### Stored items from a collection
((
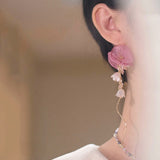 Lily Whisper Earrings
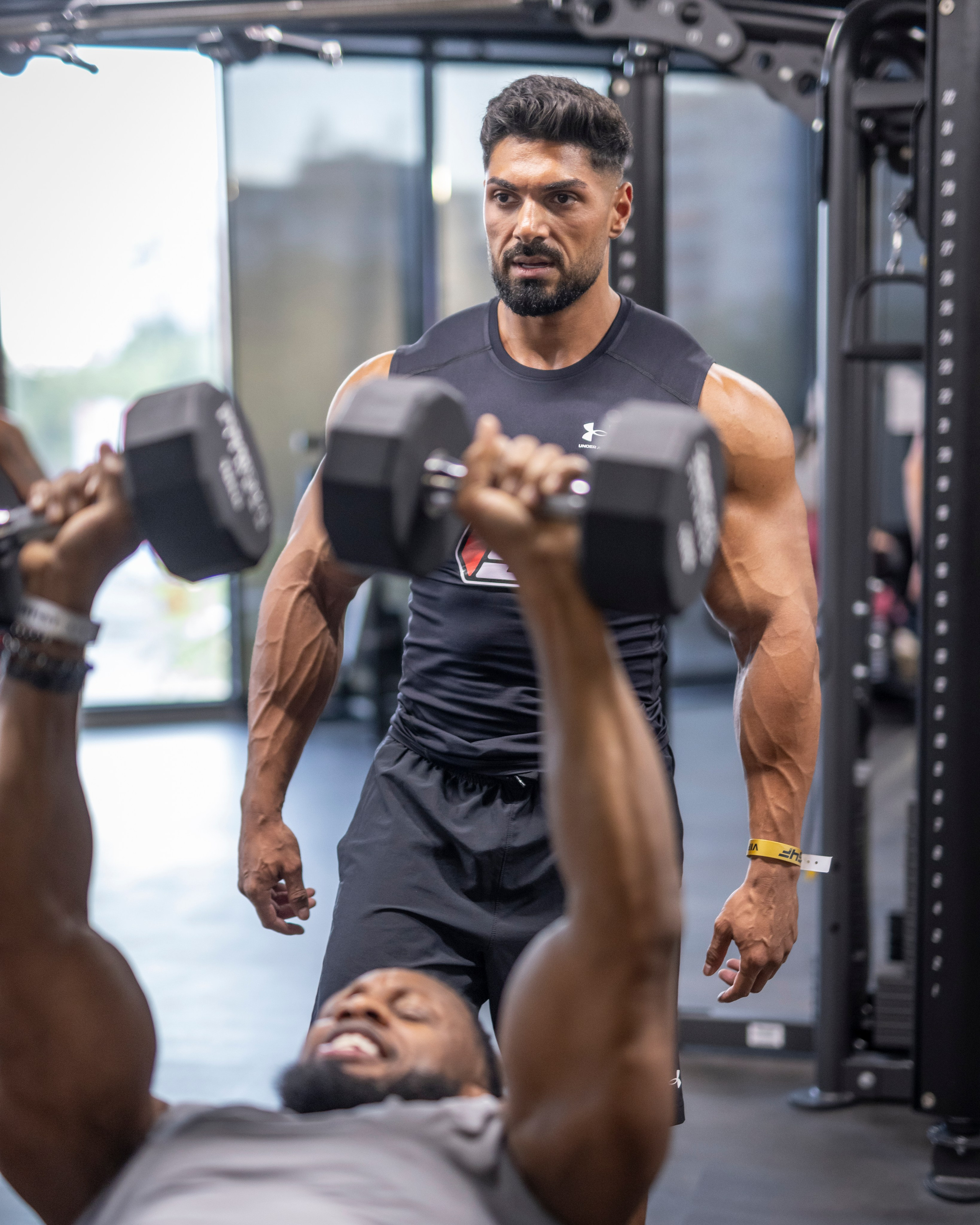 ANDREI DEIU. Fitness photography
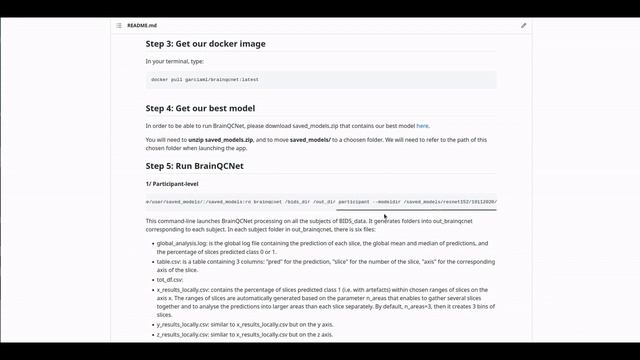 BrainQCNet on Nvidia GPU with CUDA - Running a BIDS-app - Neuroimaging & Docker смотреть онлайн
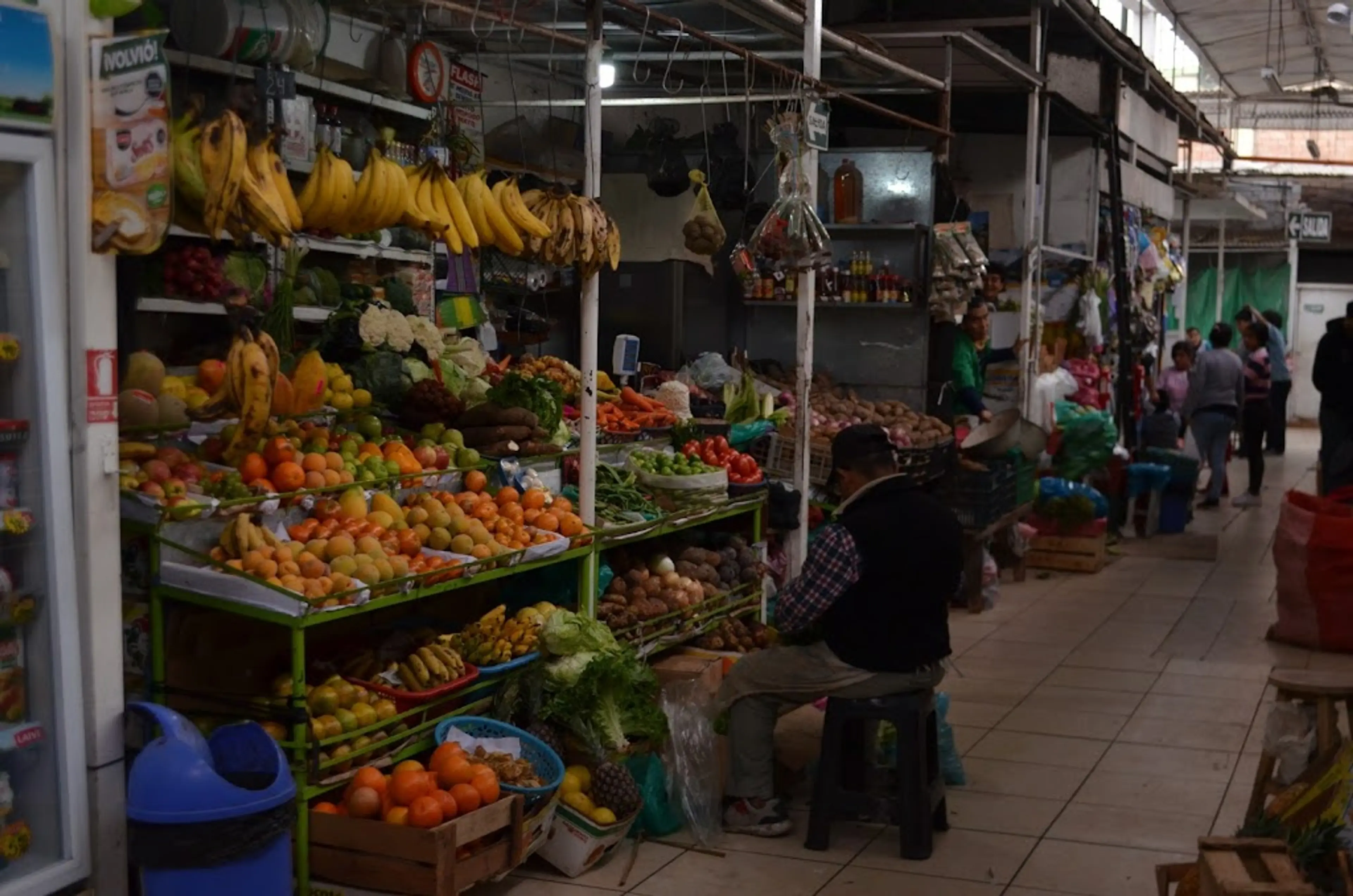 Surquillo Market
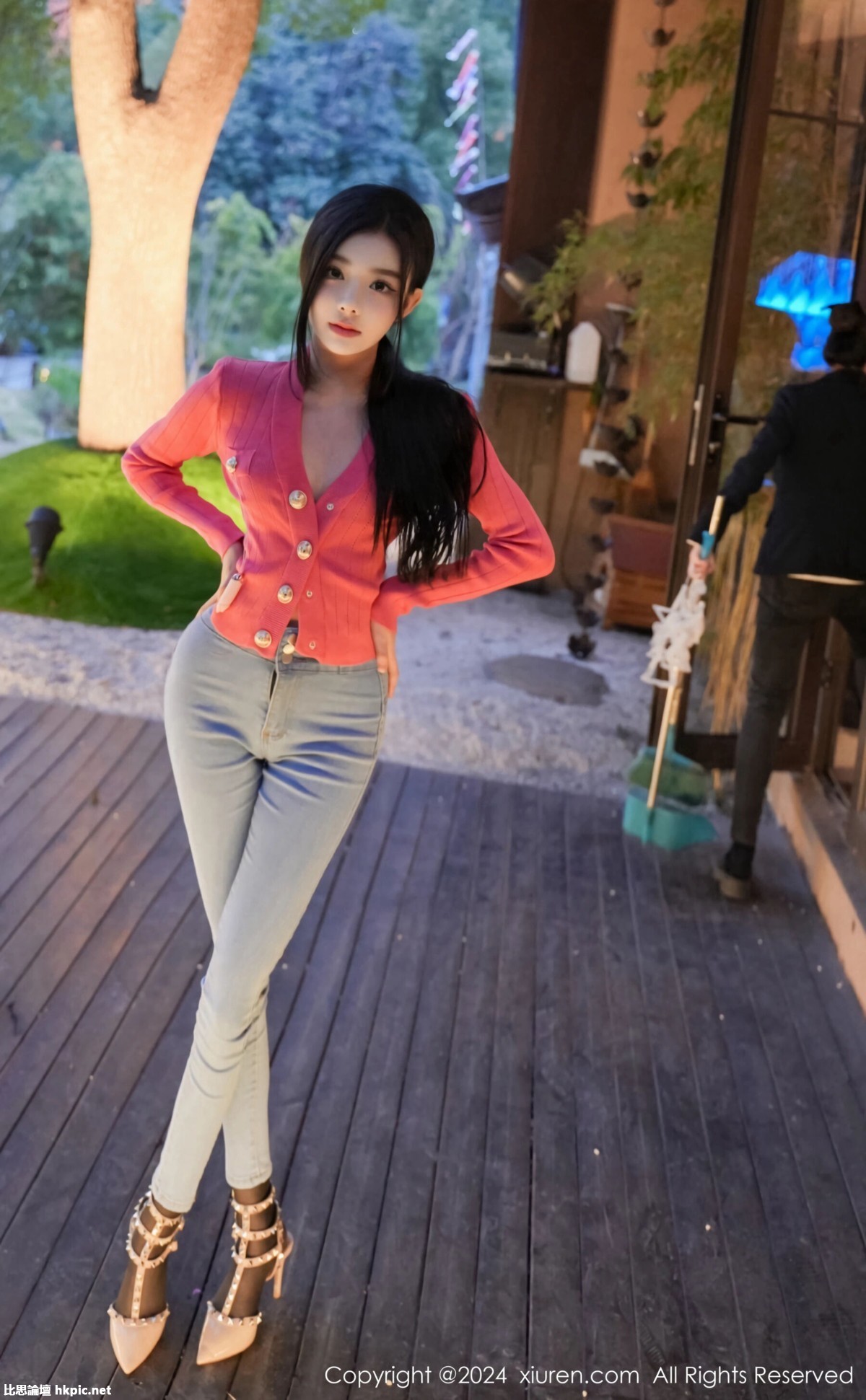 【XiuRen秀人網】20240208Vol8091龍雪兒【69P】-XIUREN秀人网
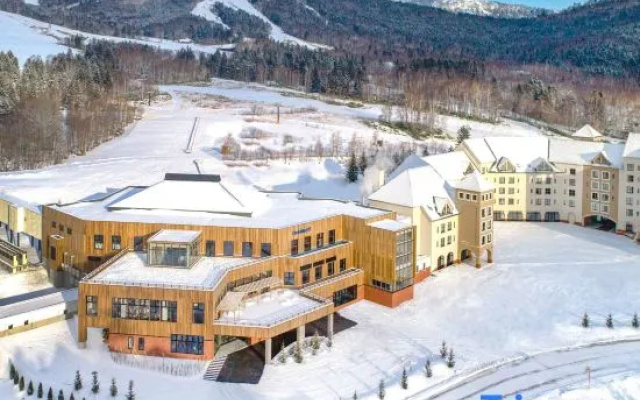 Club Med Tomamu Resort Hokkaido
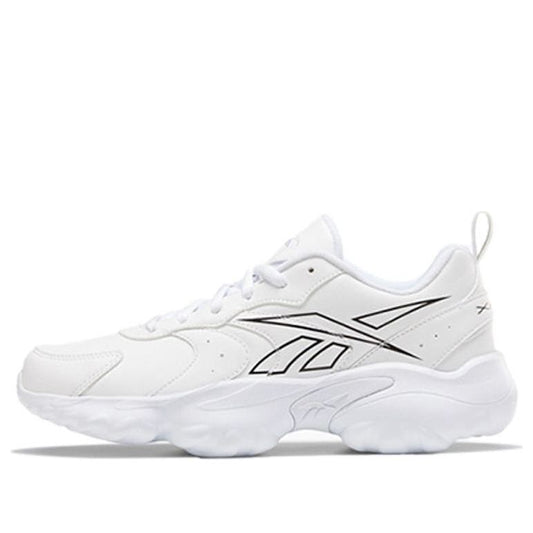Reebok DMX Series 1000 V2 Sports Shoes White FX8369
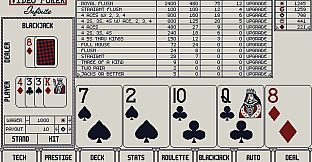 Video Poker Infinite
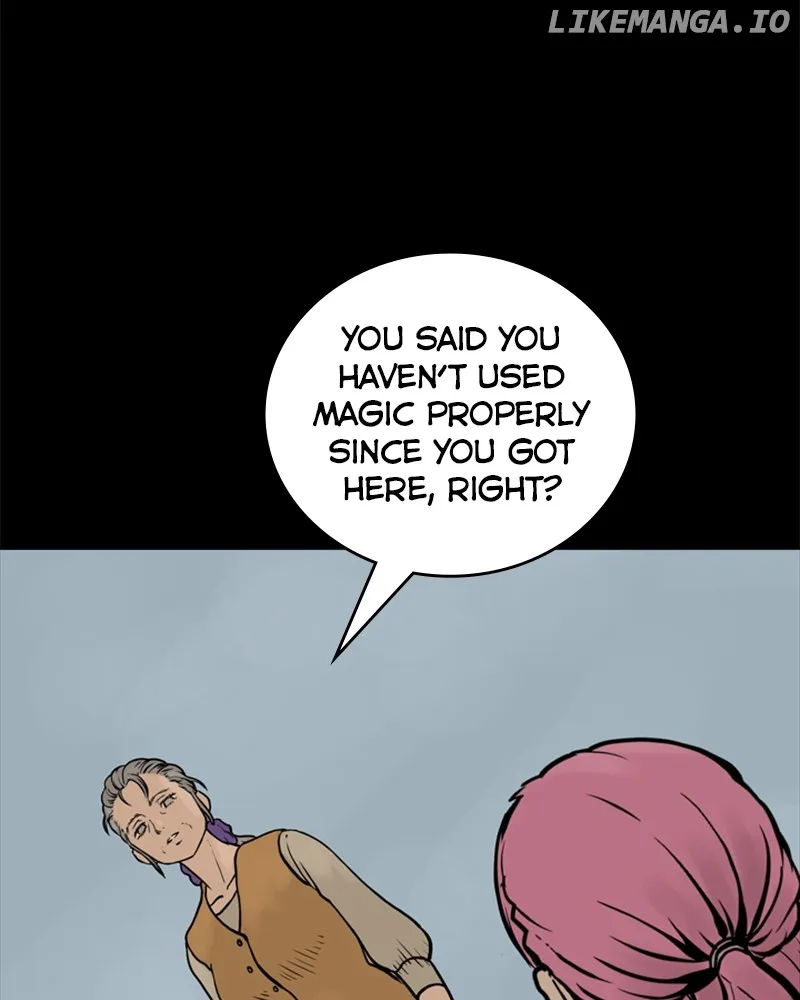 Mage Again Chapter 85 Online - página 117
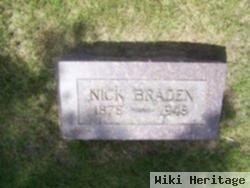 Nick Braden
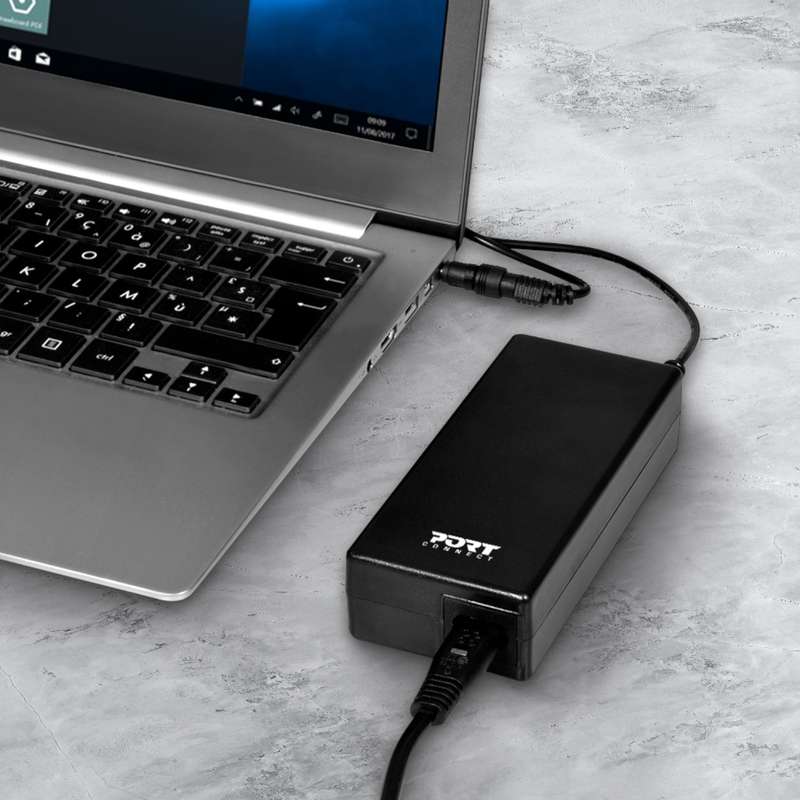 Port Connect 65W Notebook Adapter Asus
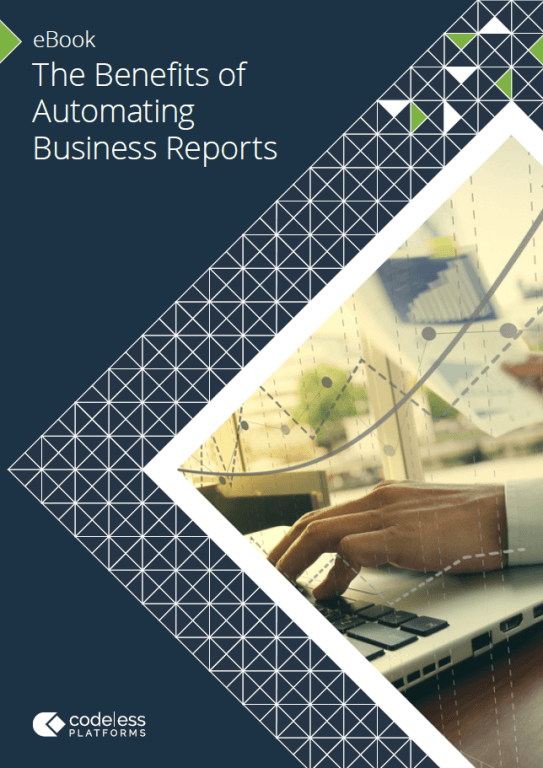 eBook: The Benefits of Automating Business Reports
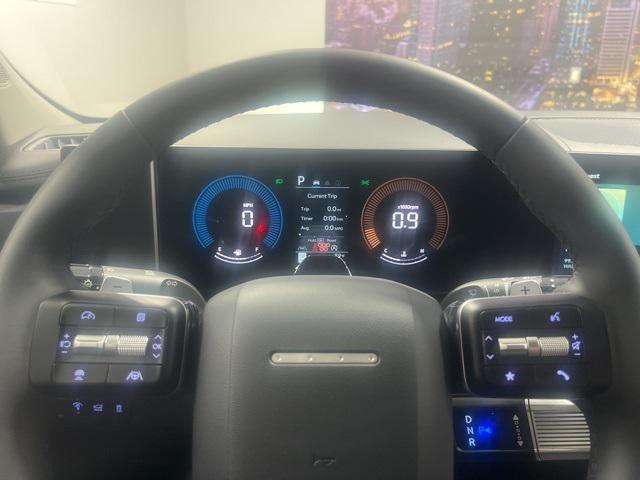2026 Hyundai Santa Fe SEL photo 8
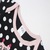 Комплект одежды младенца девочка ползунки повязка на голову юбки 3 шт. спортивные костюмы новорожденных детей наряды в горошек принцесса пачки платье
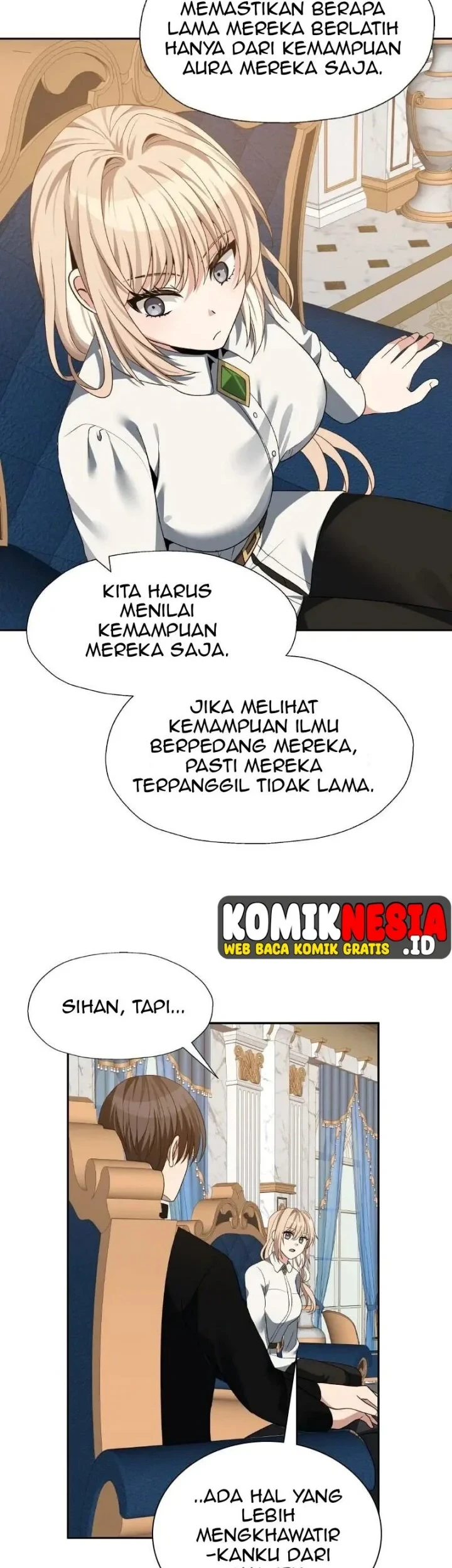 Transmigrating to the Otherworld Once More Chapter 92 - halaman 23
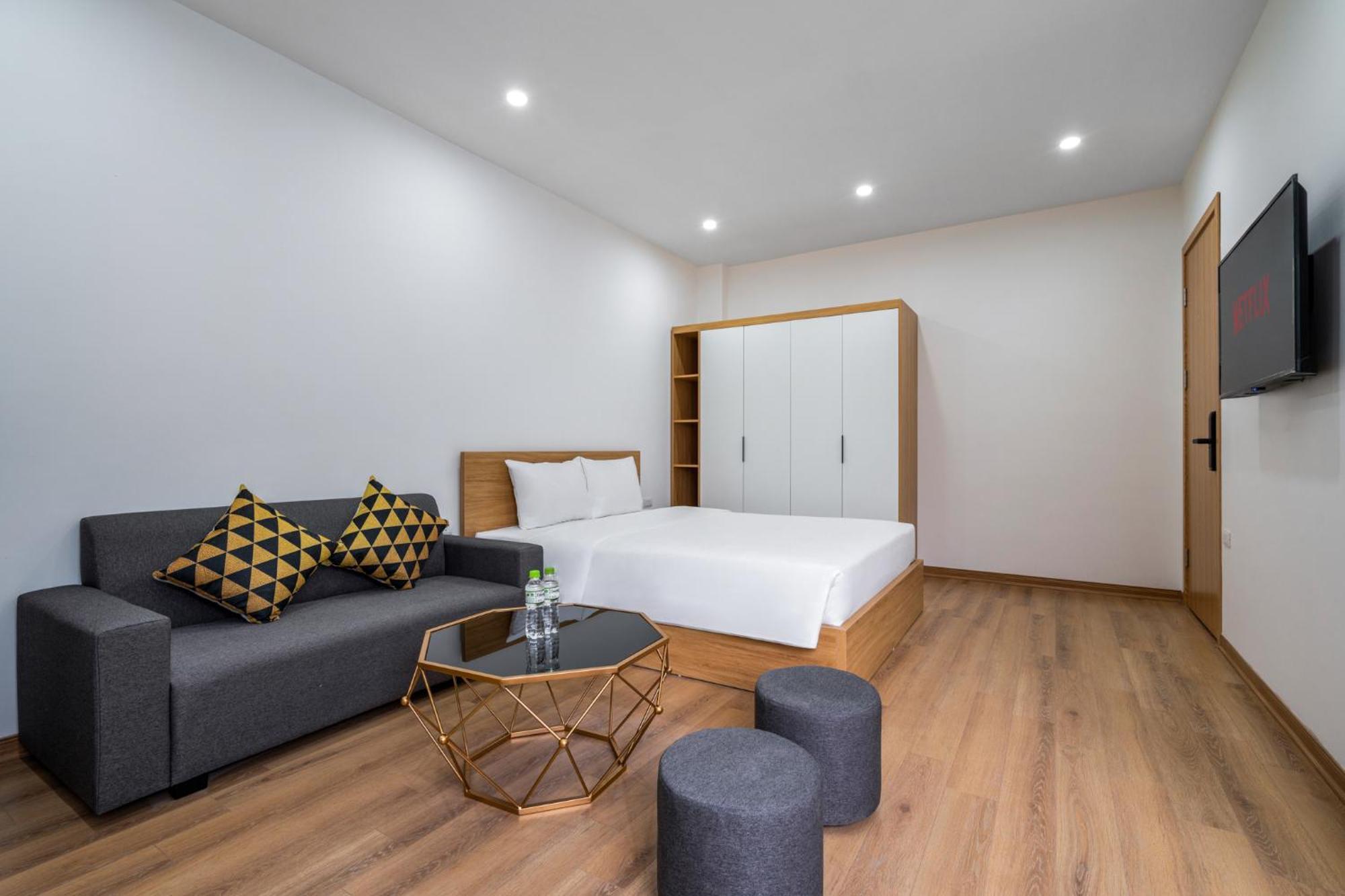 Apartment Casa Feliz Serviced *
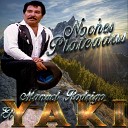 Manuel Rodrigo El Yaki - Corrido de Cruz Ojeda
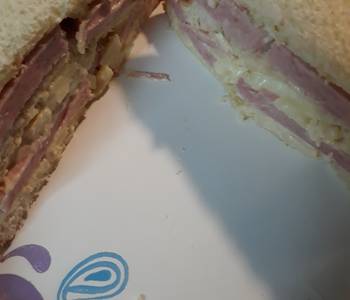 Ultimate Prepare Recipe Sandwich de Medianoche 9 Delicious Perfect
))
### WHAT THE TASK ASKS
Print, exactly and without pictures, the lines from the one holding "Apartment Casa Feliz Serviced *" through the last line of the entries above, both included.

### WRITTEN REPLY
 Apartment Casa Feliz Serviced *
 Manuel Rodrigo El Yaki - Corrido de Cruz Ojeda
 Ultimate Prepare Recipe Sandwich de Medianoche 9 Delicious Perfect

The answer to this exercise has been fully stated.